The World Gold Council reports today in Gold Demand Trends 2018 (www.gold.org) that central bank buying in 2018 reached its highest levels since the United States decided to leave the gold standard in 1971. Money supply today is a multiple of what it was in 1971 but nevertheless the year over year increase in central bank buying was 74% (see below).
|Demand (Metric Tonnes)||2018||2017||Change|
|Bars and Coins||1,090||1,045||4%|
|ETF’s and Similar||69||206||-67%|
Source: World Gold Council
Increased purchases were led by Russia and Turkey and presumably should be seen in the context of reducing exposure to USD assets, vulnerable to sanctions. Reuters reported on January 24th that “China added gold to its FX reserves in December for the first time in two years, part of a broader trend toward reducing dependence on the USD amid fraying ties with Washington”. The Q3 2018 IMF report on central bank FX reserves showed that the USD’s share has fallen to 61%, down 3% since President Trump came to office.
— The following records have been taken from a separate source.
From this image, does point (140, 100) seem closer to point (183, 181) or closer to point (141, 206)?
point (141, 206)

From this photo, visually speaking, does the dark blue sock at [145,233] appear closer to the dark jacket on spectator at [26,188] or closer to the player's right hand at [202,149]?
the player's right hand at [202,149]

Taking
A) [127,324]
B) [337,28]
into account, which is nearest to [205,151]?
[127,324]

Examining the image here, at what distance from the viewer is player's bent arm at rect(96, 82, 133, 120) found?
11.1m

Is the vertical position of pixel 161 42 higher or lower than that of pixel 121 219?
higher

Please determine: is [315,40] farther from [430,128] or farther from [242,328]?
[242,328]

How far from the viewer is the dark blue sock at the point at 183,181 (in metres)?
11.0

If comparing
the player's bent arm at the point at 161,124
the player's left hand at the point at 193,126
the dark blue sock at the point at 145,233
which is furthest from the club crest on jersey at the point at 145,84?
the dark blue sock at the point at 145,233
ETF gold purchases were net negative in the first three quarters of 2018 but surged in Q4 as USD yields fell. Gold has not been an attractive investment in recent years as prices languished while equities surged and the Federal Reserve raised short term interest rates, a consequence of which is to increase the cost of holding Gold. The FOMC’s shift from ‘gradual increases’ to ‘patience’ means this headwind has peaked for now. With geopolitical tensions not going away anytime soon while the interest rate and firm USD headwinds ease, we expect both central bank buying and ETF purchases to be strong in 2019. We anticipate Gold will have a strong year.